Politicians, unable to restrain themselves, are what we might politely call nonspecific about creating new jobs, "well-paying jobs," that will restore American prosperity. What they don't talk about, and most likely are clueless about, is the reality that jobs have changed, in numbers to produce given quantities, in content, and in basic skills requirements. Steelmaking, for instance, now requires a few hundred people to make the same steel that took several thousand a generation or two ago.
TECHNOLOGY TO THE RESCUE?We have all kinds of mobile, wearable, multicapable technologies to help us do our jobs better—faster, more accurately, and more transparently. In a somewhat static environment, this must translate to reduced, or more slowly growing, work forces.
The march of robotics is under way. Can some robotics applications actually add jobs, or a least avoid cutbacks? Sure. In healthy organizations with open needs, growth potential, and an appetite for investment in retraining. But in the larger case, I suspect, the Bean Counter Brigade is looking for, and rewarded for finding, ways to reduce costs, a code phrase for reducing headcount.
This desperate clinging to last-century paradigms is a refuge for those unable to innovate and motivate at a new-century pace. I fear that the dinosaurs are not going to wade into La Brea willingly and are likely to be with us, in uncomfortable numbers, for another generation (one hopes not two).
What will almost surely make this worse is the move to elevate minimum wages. Here's my not-always-popular position: Every adult working at a full-time job should be receiving a living wage. Part-time jobs should pay an hourly rate equivalent to a full-time living wage. Full-time is neither permanent nor year-round. Lower-wage "job lite" options should be available as learner positions for younger employees.

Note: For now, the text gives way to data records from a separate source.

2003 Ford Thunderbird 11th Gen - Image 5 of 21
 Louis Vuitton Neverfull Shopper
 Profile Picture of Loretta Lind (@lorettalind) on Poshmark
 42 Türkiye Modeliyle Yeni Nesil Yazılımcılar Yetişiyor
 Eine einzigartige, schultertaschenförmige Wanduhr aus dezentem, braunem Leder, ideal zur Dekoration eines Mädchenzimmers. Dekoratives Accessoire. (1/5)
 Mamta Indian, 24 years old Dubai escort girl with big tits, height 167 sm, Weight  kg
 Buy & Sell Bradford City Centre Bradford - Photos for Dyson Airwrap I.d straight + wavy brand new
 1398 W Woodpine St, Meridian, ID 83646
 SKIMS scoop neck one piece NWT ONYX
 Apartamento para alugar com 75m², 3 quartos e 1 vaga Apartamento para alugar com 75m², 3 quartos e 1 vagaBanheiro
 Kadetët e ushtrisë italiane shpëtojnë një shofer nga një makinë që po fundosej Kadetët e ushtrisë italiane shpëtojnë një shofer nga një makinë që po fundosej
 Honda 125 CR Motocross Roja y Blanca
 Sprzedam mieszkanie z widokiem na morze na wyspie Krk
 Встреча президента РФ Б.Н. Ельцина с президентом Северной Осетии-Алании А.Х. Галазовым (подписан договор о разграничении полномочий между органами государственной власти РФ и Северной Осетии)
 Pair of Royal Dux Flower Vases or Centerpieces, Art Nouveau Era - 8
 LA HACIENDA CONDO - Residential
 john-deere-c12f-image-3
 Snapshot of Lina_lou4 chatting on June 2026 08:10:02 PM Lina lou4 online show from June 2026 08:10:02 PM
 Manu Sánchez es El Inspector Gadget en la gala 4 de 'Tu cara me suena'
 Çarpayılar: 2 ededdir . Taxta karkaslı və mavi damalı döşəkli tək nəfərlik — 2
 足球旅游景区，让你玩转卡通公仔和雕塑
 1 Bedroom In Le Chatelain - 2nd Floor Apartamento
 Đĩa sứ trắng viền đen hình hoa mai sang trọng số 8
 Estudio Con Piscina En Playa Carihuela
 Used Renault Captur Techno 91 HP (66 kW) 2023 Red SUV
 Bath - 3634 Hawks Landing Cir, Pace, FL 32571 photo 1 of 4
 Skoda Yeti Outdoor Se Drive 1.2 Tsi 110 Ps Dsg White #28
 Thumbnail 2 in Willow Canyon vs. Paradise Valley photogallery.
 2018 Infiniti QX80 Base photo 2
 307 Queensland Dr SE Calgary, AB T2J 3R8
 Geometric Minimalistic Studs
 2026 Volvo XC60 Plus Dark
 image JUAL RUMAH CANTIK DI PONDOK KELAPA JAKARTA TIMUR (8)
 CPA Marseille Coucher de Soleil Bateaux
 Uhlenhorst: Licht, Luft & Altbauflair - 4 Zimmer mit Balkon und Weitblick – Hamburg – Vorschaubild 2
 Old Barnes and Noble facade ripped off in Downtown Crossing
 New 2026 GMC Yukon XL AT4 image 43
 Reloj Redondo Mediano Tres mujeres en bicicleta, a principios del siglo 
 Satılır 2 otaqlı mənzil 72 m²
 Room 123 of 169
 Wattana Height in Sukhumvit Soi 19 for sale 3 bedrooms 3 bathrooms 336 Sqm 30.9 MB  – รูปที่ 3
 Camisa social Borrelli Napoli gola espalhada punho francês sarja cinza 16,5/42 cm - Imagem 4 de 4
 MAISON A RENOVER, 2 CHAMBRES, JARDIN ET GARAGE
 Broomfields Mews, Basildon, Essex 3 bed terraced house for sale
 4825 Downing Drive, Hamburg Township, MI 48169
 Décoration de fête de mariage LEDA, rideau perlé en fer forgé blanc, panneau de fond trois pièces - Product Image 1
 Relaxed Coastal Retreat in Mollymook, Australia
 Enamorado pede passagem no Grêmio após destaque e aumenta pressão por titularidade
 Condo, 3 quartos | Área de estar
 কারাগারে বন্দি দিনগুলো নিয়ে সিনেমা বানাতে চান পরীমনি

However, we define these things, the minimum wage is trending—fast—toward $15 per hour. Time to get real. A capable lift truck operator or a speedy, versatile order selector is worth more—lots more—than someone asking "Would you like fries with that?" But the industry has been paying execution staff at fast-food levels for a long time, with increases coming in response to competition for a diminished labor pool. The result? Rapidly rising wages in supply chain execution will make it even more attractive to pursue robotic and automated material handling solutions, pushing more experienced employees out on the street.
A GLIMPSE INTO A BRIEFLY ILLUMINATED DARK FUTURESo, where does all this lead us? So few leaders that they can't spare themselves to lead the country for a while. Managers who have yet to master managing but are persuaded that they are leaders, to the detriment of people and enterprises. Highly rewarded and prized technogeek employees. Well-compensated staff, who have developed and maintain relevant skills. A few functionaries who excite their leaders by seeking, adopting, embracing, and even creating change as (or before) environments and requirements evolve—or erupt.
And then, the rest. An army, easy to stir to mindless action with time on their hands, limited skills, less knowledge of what it takes to be a part of a functioning society—and no money to do much with, save stock up on Kools or cannabis, try to keep up with Anheuser-Busch's production, and some vague notion that their plight is all the fault of Carlos Slim or an Ethiopian cab driver working two jobs to feed his family.
We stand at the precipice of a gap of our own collective making, a gap that deepens and widens with every failure to address root causes of our talent woes. A merit-based class system is nearing open class warfare, made increasingly more possible as the divide between haves, have nots, don't wants, and can't dos grows without much serious effort to realign those who might be salvageable, re-educate those without the most basic tools, and retrain those who have a usable foundation.
Those robots are going to be needing programming, maintenance, and repair. We all have a lot at stake in restoring balance within the economic ecosystem of the nation.